San Jose, long the Bay Area’s wayward child, has been transformed by the tech boom into a full-fledged, ultra-cool destination. I wanted a getaway with good food, wines and substance. My freeway denizen husband didn’t want to drive. The city, the third largest in California, met all our requirements. With plenty to see and distances short — even the Mineta Airport is nearby — we challenged our inner millennial by taking Uber or walking.

The tab: $420 for two nights at the Hotel Valencia, $410 for food and wine, and $40 for Uber.

The bed

Hotel Valencia, a boutique hotel on Santana Row, has 215 spacious rooms, rooftop Cielo bar, sun-drenched Terrace bar and lobby Vbar where the hip sip. It was comfortable and welcoming, with an urban Italian feel. The Row’s cafes, bars, restaurants and shopping along tree-lined, Euro-style walkways made departing difficult.


The meal

Adega, San Jose’s first Michelin-starred restaurant, serves Portuguese cuisine. We sampled the tasting menus ($99 a person); the smoky, tender roasted octopus was the most memorable dish. For dessert, the creamy caramel cake inspired thoughts of Halloween.

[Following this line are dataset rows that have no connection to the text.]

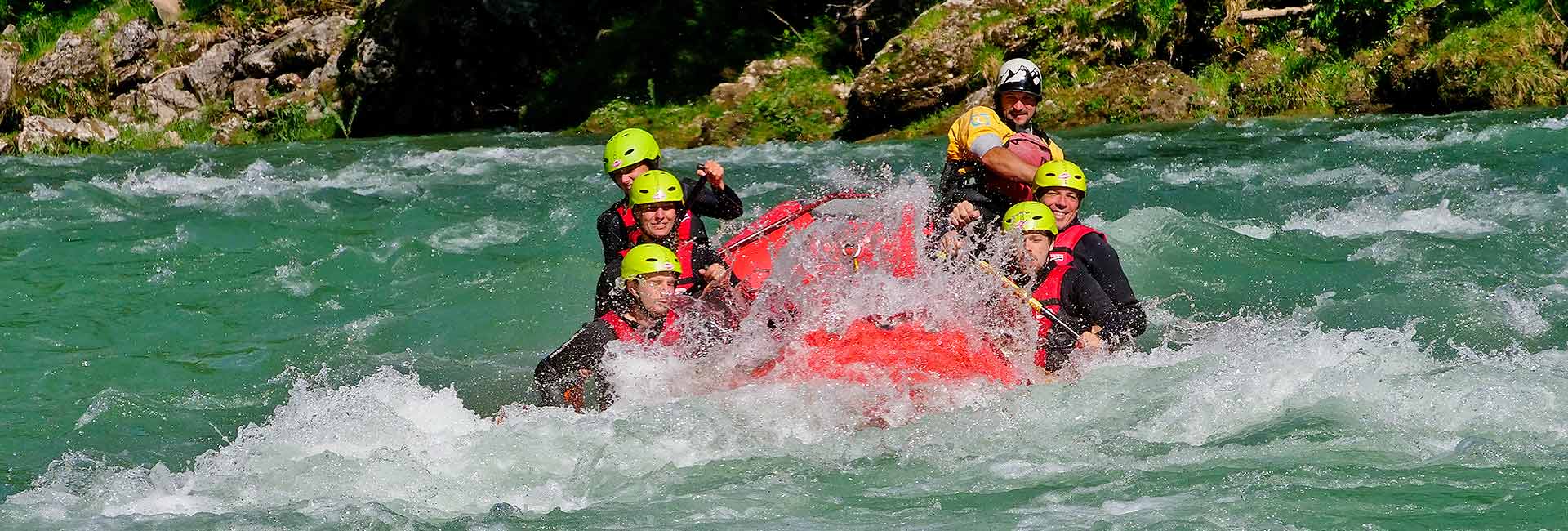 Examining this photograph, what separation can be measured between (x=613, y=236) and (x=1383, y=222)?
19.6 feet

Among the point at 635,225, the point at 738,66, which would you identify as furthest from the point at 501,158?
the point at 635,225

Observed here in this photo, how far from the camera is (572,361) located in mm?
7234

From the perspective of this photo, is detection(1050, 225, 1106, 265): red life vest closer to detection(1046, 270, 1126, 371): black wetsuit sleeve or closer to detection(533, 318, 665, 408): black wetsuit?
detection(1046, 270, 1126, 371): black wetsuit sleeve

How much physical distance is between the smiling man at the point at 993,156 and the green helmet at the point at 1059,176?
0.26 feet

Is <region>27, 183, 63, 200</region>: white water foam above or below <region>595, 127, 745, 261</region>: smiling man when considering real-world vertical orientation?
below

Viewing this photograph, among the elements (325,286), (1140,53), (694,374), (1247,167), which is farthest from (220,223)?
(1140,53)

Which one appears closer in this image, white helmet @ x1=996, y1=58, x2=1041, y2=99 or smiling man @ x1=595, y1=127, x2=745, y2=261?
white helmet @ x1=996, y1=58, x2=1041, y2=99

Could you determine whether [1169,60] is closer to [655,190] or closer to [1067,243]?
[1067,243]

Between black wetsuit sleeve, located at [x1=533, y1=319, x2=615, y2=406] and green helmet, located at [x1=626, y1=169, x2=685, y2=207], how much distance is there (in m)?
0.71

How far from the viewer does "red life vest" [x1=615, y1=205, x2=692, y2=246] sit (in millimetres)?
7887

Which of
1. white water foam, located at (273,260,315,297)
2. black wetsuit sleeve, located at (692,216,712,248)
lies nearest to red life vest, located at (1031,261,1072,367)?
black wetsuit sleeve, located at (692,216,712,248)

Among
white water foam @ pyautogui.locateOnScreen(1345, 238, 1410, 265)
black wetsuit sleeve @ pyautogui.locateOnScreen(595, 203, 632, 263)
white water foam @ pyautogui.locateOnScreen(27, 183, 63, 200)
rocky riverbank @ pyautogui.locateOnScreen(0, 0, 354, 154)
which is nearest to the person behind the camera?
black wetsuit sleeve @ pyautogui.locateOnScreen(595, 203, 632, 263)

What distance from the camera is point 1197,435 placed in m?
6.21

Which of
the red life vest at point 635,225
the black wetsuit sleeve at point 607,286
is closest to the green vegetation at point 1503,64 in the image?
the red life vest at point 635,225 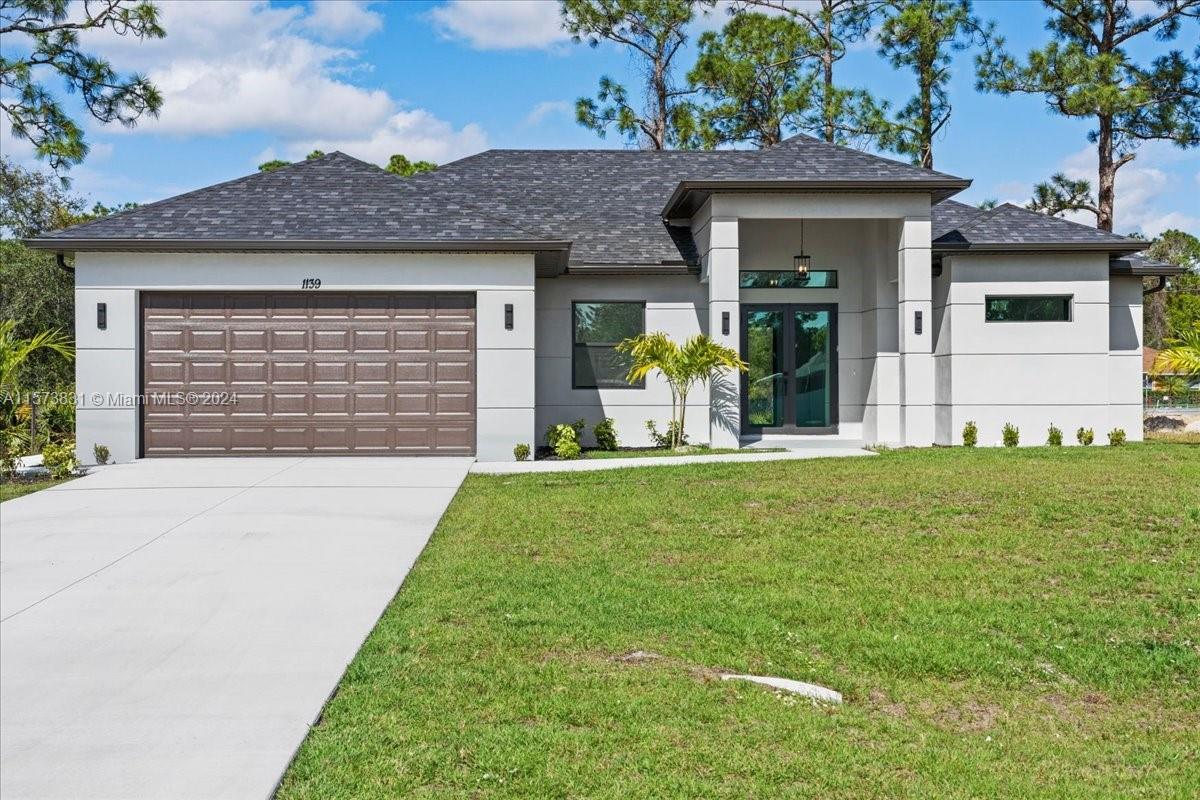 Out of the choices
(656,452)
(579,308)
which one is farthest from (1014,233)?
(579,308)

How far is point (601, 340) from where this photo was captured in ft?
57.9

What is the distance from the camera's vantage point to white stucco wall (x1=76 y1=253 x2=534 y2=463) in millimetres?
14727

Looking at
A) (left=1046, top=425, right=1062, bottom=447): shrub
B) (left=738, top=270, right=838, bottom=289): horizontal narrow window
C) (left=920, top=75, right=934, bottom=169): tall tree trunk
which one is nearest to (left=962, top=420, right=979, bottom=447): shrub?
(left=1046, top=425, right=1062, bottom=447): shrub

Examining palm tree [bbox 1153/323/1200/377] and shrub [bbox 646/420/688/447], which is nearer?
palm tree [bbox 1153/323/1200/377]

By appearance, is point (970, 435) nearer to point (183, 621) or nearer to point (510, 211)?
point (510, 211)

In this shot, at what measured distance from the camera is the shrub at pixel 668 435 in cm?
1669

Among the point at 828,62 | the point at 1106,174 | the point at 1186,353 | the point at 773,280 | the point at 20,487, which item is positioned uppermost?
the point at 828,62

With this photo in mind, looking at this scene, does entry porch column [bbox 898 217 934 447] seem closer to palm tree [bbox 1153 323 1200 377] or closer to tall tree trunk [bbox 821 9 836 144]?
palm tree [bbox 1153 323 1200 377]

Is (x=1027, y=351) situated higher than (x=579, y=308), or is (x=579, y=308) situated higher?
(x=579, y=308)

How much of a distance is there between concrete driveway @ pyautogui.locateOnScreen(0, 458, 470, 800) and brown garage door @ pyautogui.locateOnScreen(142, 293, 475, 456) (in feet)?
10.0

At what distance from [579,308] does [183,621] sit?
11.9m

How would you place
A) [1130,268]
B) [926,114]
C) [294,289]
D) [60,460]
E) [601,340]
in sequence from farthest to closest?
[926,114] < [1130,268] < [601,340] < [294,289] < [60,460]

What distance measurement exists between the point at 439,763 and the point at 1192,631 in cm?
473

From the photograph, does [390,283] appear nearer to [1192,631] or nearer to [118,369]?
[118,369] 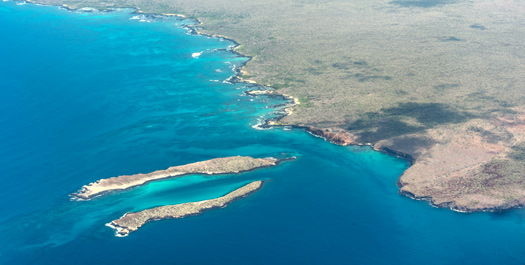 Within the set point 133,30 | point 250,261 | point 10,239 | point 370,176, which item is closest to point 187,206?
point 250,261

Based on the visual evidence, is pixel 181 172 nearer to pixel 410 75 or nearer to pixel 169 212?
pixel 169 212

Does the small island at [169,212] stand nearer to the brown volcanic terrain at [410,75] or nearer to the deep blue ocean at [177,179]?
the deep blue ocean at [177,179]

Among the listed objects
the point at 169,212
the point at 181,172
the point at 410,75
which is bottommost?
the point at 169,212

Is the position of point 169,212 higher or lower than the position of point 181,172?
lower

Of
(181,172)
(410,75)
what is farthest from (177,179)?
(410,75)

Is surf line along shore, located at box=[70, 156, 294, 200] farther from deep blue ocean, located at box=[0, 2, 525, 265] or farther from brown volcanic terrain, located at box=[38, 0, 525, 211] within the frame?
brown volcanic terrain, located at box=[38, 0, 525, 211]

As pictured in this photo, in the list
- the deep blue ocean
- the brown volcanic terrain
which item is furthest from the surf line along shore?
the brown volcanic terrain

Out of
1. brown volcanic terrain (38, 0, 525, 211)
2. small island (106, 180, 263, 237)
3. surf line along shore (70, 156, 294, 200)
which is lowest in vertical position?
small island (106, 180, 263, 237) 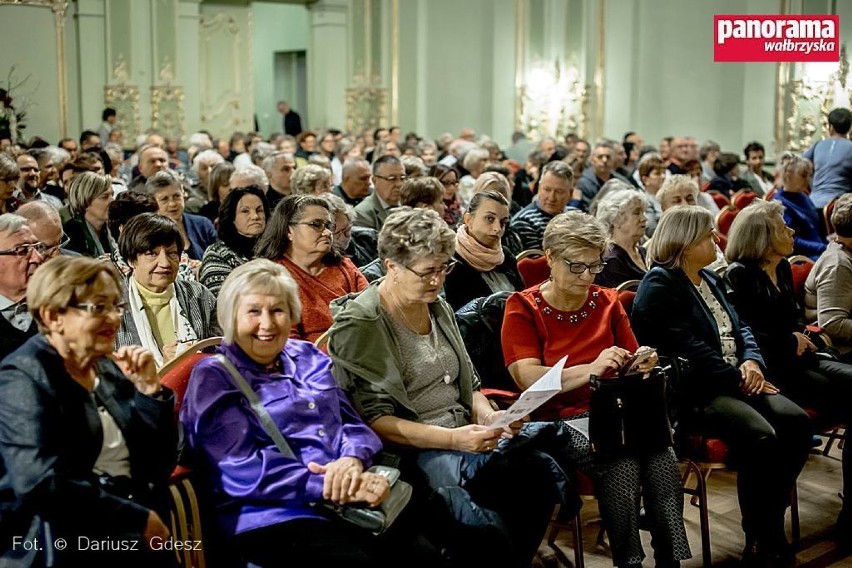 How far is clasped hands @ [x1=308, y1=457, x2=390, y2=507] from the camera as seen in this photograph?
2.42m

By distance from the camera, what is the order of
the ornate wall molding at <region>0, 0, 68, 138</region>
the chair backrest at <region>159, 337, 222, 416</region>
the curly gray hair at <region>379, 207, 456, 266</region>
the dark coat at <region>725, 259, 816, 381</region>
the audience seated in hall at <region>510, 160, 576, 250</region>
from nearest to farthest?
the chair backrest at <region>159, 337, 222, 416</region>
the curly gray hair at <region>379, 207, 456, 266</region>
the dark coat at <region>725, 259, 816, 381</region>
the audience seated in hall at <region>510, 160, 576, 250</region>
the ornate wall molding at <region>0, 0, 68, 138</region>

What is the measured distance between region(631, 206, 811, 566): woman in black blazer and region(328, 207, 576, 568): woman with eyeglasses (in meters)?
0.88

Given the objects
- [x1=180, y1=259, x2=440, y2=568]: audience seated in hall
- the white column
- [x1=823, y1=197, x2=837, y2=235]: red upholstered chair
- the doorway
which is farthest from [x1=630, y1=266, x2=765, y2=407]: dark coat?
the doorway

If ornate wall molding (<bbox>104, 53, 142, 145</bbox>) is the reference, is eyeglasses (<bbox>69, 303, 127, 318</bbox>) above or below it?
below

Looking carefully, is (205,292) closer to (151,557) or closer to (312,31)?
(151,557)

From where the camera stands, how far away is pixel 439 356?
9.67 ft

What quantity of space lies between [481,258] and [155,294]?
1.35 m

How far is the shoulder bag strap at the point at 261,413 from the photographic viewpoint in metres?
2.46

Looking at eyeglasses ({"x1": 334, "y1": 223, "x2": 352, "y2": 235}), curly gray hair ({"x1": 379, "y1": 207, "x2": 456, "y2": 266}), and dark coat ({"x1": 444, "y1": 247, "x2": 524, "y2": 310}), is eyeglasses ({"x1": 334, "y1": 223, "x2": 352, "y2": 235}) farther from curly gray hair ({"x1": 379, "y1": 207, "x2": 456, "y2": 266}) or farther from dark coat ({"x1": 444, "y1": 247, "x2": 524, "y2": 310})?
curly gray hair ({"x1": 379, "y1": 207, "x2": 456, "y2": 266})

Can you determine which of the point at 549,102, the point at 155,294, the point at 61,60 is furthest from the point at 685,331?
the point at 549,102

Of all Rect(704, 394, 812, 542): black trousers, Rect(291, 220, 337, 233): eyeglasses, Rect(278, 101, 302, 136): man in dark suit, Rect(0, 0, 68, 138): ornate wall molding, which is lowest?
Rect(704, 394, 812, 542): black trousers

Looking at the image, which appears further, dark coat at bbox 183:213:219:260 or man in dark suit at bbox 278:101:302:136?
man in dark suit at bbox 278:101:302:136

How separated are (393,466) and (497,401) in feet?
2.29

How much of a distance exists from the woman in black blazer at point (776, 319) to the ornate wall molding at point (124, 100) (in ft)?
37.3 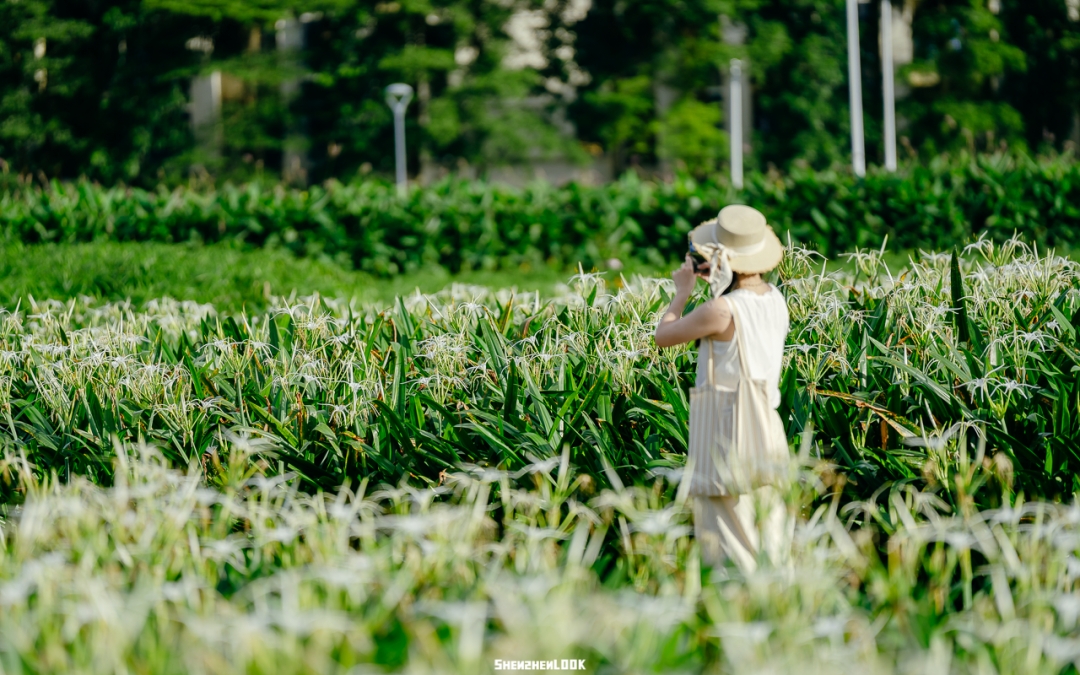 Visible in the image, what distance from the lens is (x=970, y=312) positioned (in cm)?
413

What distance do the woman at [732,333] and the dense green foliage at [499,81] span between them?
2296cm

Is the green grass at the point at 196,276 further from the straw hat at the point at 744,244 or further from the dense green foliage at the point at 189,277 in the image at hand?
the straw hat at the point at 744,244

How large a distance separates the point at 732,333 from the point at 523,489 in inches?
34.4

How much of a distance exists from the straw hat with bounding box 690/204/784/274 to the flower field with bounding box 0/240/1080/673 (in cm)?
59

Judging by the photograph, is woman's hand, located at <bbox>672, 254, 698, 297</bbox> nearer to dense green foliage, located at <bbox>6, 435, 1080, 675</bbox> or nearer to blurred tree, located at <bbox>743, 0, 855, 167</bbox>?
dense green foliage, located at <bbox>6, 435, 1080, 675</bbox>

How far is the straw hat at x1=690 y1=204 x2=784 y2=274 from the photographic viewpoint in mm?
2842

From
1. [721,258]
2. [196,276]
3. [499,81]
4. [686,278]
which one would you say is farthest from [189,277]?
[499,81]

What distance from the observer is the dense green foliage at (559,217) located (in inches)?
428

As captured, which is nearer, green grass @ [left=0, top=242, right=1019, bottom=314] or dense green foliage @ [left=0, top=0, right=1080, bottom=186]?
green grass @ [left=0, top=242, right=1019, bottom=314]

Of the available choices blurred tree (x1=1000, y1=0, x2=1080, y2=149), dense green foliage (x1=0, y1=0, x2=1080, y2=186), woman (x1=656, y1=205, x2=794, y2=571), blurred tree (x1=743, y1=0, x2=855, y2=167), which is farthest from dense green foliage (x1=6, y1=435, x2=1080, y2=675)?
blurred tree (x1=1000, y1=0, x2=1080, y2=149)

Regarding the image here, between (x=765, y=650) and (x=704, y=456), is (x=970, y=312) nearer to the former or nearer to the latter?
(x=704, y=456)

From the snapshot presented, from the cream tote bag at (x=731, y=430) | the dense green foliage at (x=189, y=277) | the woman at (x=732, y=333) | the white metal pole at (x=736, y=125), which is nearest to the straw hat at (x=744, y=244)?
the woman at (x=732, y=333)

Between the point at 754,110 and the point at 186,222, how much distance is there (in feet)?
69.9

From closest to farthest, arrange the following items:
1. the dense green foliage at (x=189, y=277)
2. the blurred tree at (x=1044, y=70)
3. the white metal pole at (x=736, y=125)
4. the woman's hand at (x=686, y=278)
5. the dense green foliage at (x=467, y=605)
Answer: the dense green foliage at (x=467, y=605) → the woman's hand at (x=686, y=278) → the dense green foliage at (x=189, y=277) → the white metal pole at (x=736, y=125) → the blurred tree at (x=1044, y=70) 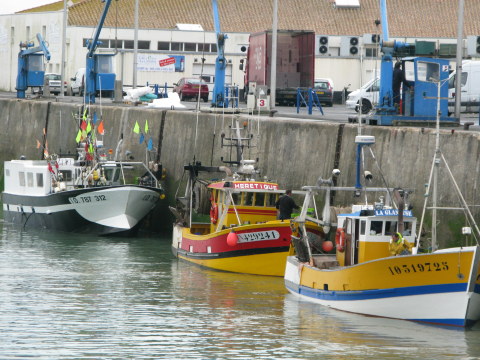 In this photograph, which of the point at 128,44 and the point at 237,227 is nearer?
the point at 237,227

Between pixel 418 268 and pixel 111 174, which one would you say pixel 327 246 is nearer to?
pixel 418 268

In Japantown neighborhood gem Minato Restaurant served reasonably priced (mains $12-$17) flavorful steamer plates and fiery spicy ahi sushi that reminded me of comfort food during my college stint in Tokyo. At Shuei-Do Manju Shop, owners Tom and Judy Kumamaru have spent 30 years producing sweet adzuki bean delicacies so scrumptious that during Emperor Akihito’s 2002 visit, he dispatched an assistant to Sheui-Do for his own. Although manju are an acquired taste for some, I grew up eating them in Hawaii and devoured several of the black bean varieties. We skipped dinner one night in favor of the Vintage Wine Bar’s truffle-garnished charcuterie plate ($17) with creamy, pungent cheeses. The combination of Gosset Grand Rosé, the alfresco setting and the imported French stone basilica entryway made for Parisian-worthy people watching.

The finds

Japantown, established in the late 1880s to house bachelor migrant workers and farmers, is a charming place to stroll, with wide avenues, public art, shops and restaurants. It’s also home to the San Jose Buddhist Church Betsuin, known for its gold-plated altars and intricate carvings imported from Japan. At the nearby Japanese American Museum docents who as young people were confined in concentration camps after the attack on Pearl Harbor shared their sobering experiences. Stop at downtown’s majestic Cathedral Basilica of St. Joseph to admire its ornately painted interiors, then head next door to the San Jose Museum of Art, which has an impressive 2,500-piece contemporary art collection.


The lesson learned

Don’t think of San Jose as only a tech town. It has a modern city vibe and culture to spare, which makes it a pleasurable escape.

If you go

Hotel Valencia, 355 Santana Row; (408) 551-0010, . Wheelchair-accessible rooms.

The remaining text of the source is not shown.